Enfin, l'ordonnance de mise en cohérence des textes au regard des dispositions de la loi de modernisation de notre système de santé, dont la ratification est prévue par le projet de loi no 6, a été voulue par le législateur, au moment du vote de la loi, pour permettre la mise en cohérence, à droit constant, des dispositions existantes connexes avec les dispositions nouvelles introduites par la loi et pour supprimer les dispositions devenues obsolètes ou redondantes.

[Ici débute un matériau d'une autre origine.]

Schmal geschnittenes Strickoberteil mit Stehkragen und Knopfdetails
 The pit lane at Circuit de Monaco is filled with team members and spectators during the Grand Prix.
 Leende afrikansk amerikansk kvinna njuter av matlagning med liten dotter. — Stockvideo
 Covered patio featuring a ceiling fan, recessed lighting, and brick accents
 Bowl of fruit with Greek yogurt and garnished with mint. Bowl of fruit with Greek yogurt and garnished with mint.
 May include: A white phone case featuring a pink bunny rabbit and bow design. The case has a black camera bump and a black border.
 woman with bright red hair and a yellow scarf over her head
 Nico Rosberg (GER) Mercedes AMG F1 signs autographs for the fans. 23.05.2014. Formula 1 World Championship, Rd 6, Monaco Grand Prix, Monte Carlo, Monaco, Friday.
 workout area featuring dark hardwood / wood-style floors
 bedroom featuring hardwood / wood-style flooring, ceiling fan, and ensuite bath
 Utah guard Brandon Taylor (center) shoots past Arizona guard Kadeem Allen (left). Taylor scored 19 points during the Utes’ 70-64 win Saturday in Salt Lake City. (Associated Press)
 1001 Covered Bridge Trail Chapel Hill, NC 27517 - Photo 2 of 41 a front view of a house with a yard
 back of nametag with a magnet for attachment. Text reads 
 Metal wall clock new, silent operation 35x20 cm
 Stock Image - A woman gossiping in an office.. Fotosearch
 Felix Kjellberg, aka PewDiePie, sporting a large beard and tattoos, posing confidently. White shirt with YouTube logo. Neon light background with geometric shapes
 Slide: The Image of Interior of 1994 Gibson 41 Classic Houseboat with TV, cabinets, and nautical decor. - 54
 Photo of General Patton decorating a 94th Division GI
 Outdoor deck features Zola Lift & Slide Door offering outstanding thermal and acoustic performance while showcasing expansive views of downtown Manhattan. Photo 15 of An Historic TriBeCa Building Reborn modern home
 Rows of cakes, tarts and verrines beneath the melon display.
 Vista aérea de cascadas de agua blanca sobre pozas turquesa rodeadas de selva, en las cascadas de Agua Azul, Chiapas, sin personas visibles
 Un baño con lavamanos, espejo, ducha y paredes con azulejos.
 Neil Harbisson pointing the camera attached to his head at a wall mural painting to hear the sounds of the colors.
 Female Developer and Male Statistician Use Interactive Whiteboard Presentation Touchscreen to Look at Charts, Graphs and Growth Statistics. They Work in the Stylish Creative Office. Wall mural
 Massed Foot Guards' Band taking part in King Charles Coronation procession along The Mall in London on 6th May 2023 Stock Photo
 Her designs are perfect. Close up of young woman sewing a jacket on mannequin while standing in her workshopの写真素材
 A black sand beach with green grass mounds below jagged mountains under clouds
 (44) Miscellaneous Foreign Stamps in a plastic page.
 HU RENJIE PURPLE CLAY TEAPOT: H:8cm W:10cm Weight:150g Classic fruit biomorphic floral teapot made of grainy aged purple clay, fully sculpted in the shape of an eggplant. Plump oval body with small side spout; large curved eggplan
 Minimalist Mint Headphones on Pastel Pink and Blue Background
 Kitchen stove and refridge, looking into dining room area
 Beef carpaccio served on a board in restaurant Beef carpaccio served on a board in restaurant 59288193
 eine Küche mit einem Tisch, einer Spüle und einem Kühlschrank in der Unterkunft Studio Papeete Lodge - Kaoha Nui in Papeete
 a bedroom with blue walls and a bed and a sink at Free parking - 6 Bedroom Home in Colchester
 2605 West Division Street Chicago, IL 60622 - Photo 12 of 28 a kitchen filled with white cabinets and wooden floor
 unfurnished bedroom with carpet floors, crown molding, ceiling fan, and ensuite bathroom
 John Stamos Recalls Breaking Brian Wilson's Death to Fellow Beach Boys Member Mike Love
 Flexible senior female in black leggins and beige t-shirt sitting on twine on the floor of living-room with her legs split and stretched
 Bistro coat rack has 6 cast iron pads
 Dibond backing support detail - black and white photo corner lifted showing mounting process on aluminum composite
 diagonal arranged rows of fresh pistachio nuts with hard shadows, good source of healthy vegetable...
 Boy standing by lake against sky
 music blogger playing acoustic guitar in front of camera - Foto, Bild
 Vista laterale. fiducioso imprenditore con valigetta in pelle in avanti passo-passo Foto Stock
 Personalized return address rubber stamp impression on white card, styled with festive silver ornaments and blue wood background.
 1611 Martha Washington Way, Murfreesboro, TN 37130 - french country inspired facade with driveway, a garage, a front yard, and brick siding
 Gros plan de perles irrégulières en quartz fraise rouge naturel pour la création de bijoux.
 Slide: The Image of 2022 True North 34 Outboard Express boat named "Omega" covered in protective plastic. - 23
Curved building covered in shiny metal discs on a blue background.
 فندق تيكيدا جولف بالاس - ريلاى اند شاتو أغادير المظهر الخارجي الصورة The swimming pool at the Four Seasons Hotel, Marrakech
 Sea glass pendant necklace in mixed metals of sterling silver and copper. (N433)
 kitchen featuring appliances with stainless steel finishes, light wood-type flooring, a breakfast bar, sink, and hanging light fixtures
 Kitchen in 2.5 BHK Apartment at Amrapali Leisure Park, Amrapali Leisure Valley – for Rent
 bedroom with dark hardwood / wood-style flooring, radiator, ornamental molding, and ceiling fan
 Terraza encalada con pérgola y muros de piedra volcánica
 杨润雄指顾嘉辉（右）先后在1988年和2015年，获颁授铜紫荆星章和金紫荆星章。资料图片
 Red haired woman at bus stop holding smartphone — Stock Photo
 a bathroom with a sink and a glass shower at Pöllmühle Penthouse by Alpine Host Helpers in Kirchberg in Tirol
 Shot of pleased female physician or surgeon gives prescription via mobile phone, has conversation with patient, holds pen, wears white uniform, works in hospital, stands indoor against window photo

C'est une opération synonyme de meilleure lisibilité du droit et de sécurité juridique. Le délai d'habilitation s'étend jusqu'au 26 janvier 2018. Certaines coordinations utiles et opportunes étant d'ores et déjà disponibles, elles ont fait l'objet d'une première ordonnance. C'est celle-ci que le Gouvernement vous demande de ratifier. Il y aura, d'ici au 26 janvier 2018, une seconde ordonnance de coordination si les débats révèlent des besoins de coordination non satisfaits.
L'ordonnance dont la ratification est demandée contient deux blocs de dispositions.
Le titre Ier – articles 1er, 2, 3 et 4 – modifie les dispositions des codes de la santé publique, de la sécurité sociale et de l'éducation ainsi que le code général des impôts pour tirer les conséquences de la réintroduction par la loi du service public hospitalier.
La réaffirmation du service public hospitalier a pour intérêt de donner davantage de lisibilité aux patients dans l'offre hospitalière. Ce service a en effet été ouvert à l'ensemble des établissements de santé, indépendamment de leur statut. Il repose, non plus sur une liste de missions, mais sur des obligations de service public qui s'imposent aux établissements de santé ayant fait le choix du service public hospitalier.
Parmi ces obligations figurent notamment l'égalité et la permanence de l'accès aux soins, ou encore l'accessibilité financière. L'ordonnance précise notamment l'articulation entre les dispositions relatives, d'une part, au service public hospitalier et, de l'autre, à l'activité libérale des praticiens hospitaliers. Elle lève toute ambiguïté quant à la possibilité, pour ces praticiens, de continuer à réaliser des dépassements d'honoraires, mais dans des conditions bien précises, et sous réserve que les patients puissent bénéficier d'une alternative de soins sans dépassement d'honoraires au sein de l'établissement. C'était clairement l'intention exprimée par le législateur lors des débats sur le projet de loi.
Le titre II – articles 5, 6, 7 et 8 – procède par ailleurs à des adaptations nécessaires dans des domaines plus divers, s'agissant notamment du partage des informations au sein de l'équipe de soins, de l'hébergement des données de santé à caractère personnel, de la concertation avec les représentants des associations d'usagers, du développement personnel continu des professionnels de santé, de la fusion des collèges de médecins spécialistes, de la détermination de zones géographiques caractérisées par des offres de soins soit sous-dotées soit sur-dotées, et enfin de la fusion des comités consultatifs nationaux des personnels de direction de la fonction publique hospitalière.
Monsieur le président, madame la présidente de la commission des affaires sociales, mesdames et monsieur les rapporteurs, mesdames et messieurs les députés, tel était le détail des quatre ordonnances visées par les trois projets de loi de ratification qui vous sont soumis.